Aucune disposition sur Mousharaka
Si la neutralité fiscale de la Mourabaha et de l’IMB sera effective dès janvier 2016, qu’en est-il des autres produits de financement des entreprises, type Mousharaka et Moudaraba ? Pour ces cas précis, la Loi de Finances 2016 est restée muette. «L’IS concernant ces produits n’est pas abordé dans la Loi de Finances, et le vide juridique fiscal persiste», explique H. Khouloud. «Ceux qui vont se lancer dans la Mousharaka (équivalent du capital-risque) s’exposeront à un risque fiscal très important», avance pour sa part Abderrafi El Maataoui, expert-comptable. «En réalité, le message de l’Etat est très clair : ne faîtes pas de Mousharaka pour l’instant», poursuit-il. Une attitude du législateur qui peut se comprendre, selon certains experts, qui jugent qu’il est préférable de commencer par des produits simples avant de passer à des produits qui requièrent plus de technicité et, surtout, de transparence. «Plusieurs études soulignent que durant les premières années qui suivent le lancement des banques participatives, les produits Mousharaka croissent de manière très confidentielle», note cet assureur. «Par ailleurs, il y a ce problème de transparence des bilans des PME. Nous ne sommes pas encore prêts pour la Mousharaka; il faut y aller progressivement», préconise-t-il.
Toujours est-il qu’en attendant une révision de la fiscalité des produits participatifs destinés au financement des entreprises, les futurs opérateurs devraient mettre le paquet sur les produits Ijara et Mourabaha, délestés de leur encombrant boulet fiscal.
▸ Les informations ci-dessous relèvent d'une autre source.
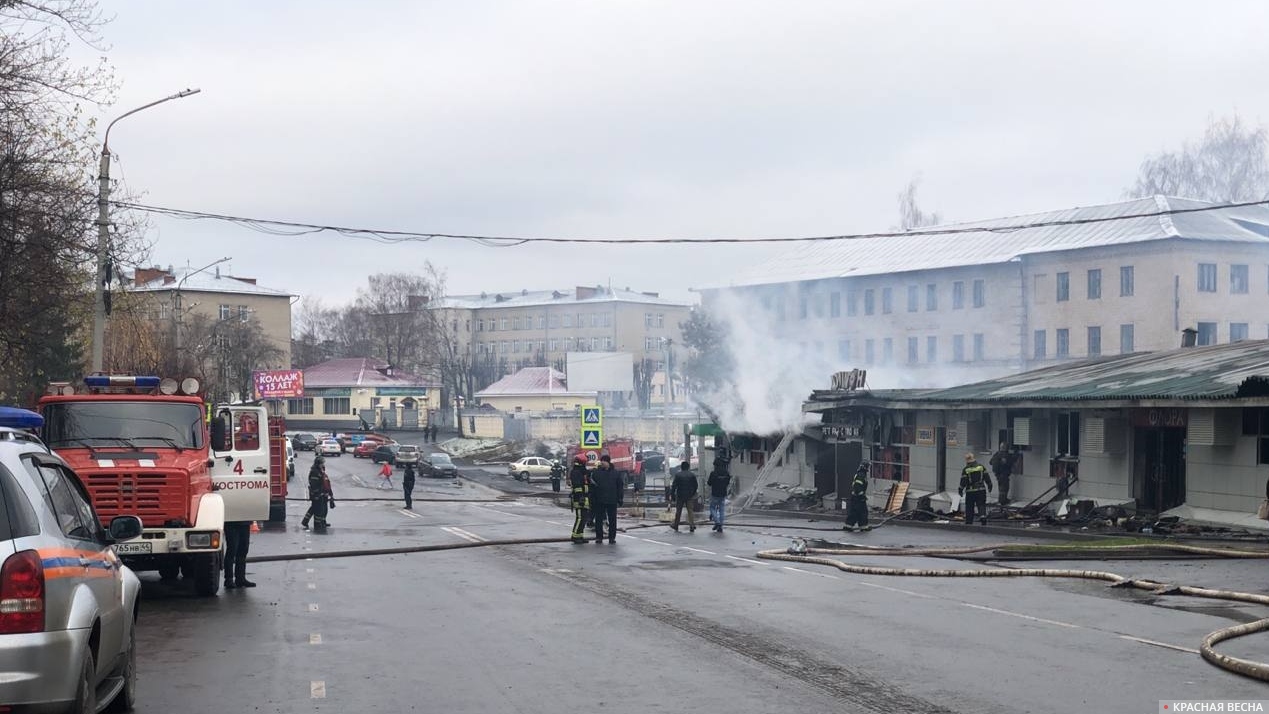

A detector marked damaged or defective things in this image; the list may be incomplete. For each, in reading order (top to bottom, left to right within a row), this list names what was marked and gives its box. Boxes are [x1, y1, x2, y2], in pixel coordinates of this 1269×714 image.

damaged shop building [807, 339, 1269, 530] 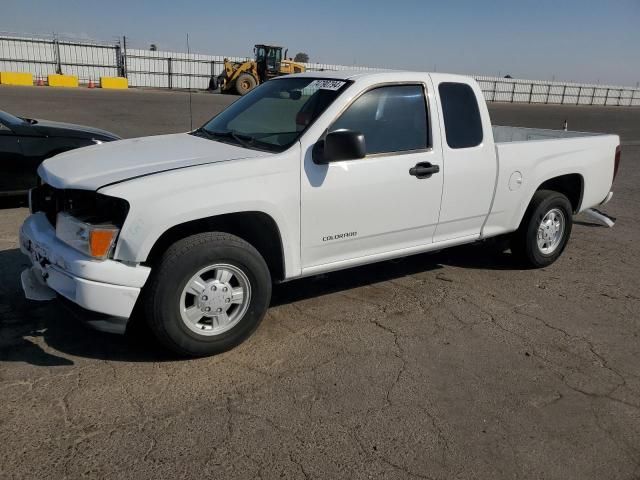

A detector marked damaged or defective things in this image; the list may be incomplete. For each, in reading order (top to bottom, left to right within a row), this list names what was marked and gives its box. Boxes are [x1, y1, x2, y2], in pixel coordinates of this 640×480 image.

dented hood [39, 133, 270, 191]
crumpled front bumper [19, 213, 151, 334] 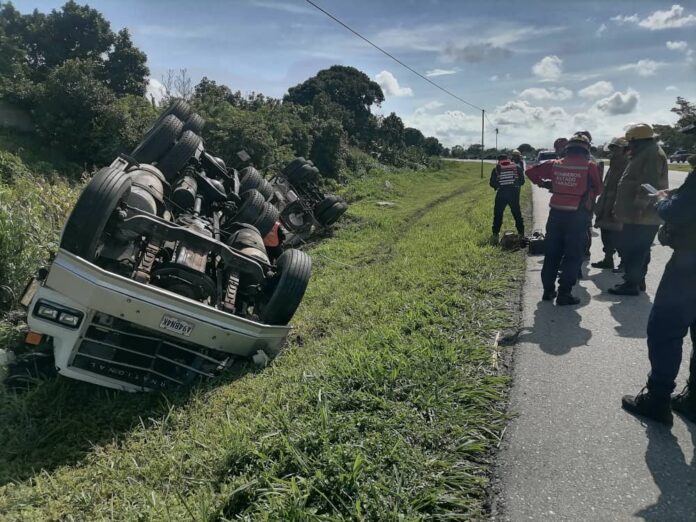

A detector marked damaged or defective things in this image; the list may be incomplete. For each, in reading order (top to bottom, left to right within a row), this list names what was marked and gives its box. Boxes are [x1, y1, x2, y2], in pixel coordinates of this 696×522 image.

overturned truck [19, 100, 316, 390]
Selon certaines estimations dévoilées lors de la conférence, les contrats Mourabaha devraient représenter près de 80% des contrats lors des premières années.
Les nouveautés de la Loi de Finances 2016
Mourabaha : Dans la LF 2016, il a été décidé la suppression de la déduction, en matière d’IR, des intérêts et de la rémunération convenue dans le cadre d’un contrat Mourabaha en cas d’indivision.
IMB : il a été institué un régime fiscal spécifique. En cas d’acquisition d’un logement, la loi instaure la déduction du montant de la marge locative payée par les contribuables, dans la limite de 10% du revenu global. En cas d’acquisition d’un logement social destiné à l’habitation principale, la loi instaure la déductibilité du revenu salarial du montant du coût d’acquisition et de la marge locative payée par le contribuable aux établissements de crédit et aux organismes assimilés. La LF 2016 exonère aussi le profit réalisé sur la cession d’un immeuble ou partie d’immeuble occupé à titre d’habitation principale depuis au moins 6 ans. En matière de TVA, le taux est ramené à 10%, comme s’il s’agissait d’un contrat Mourabaha.
Enfin, dans le cadre de contrats Mourabaha ou IMB, il a été décidé l’exonération de la TVA sur l’habitat social.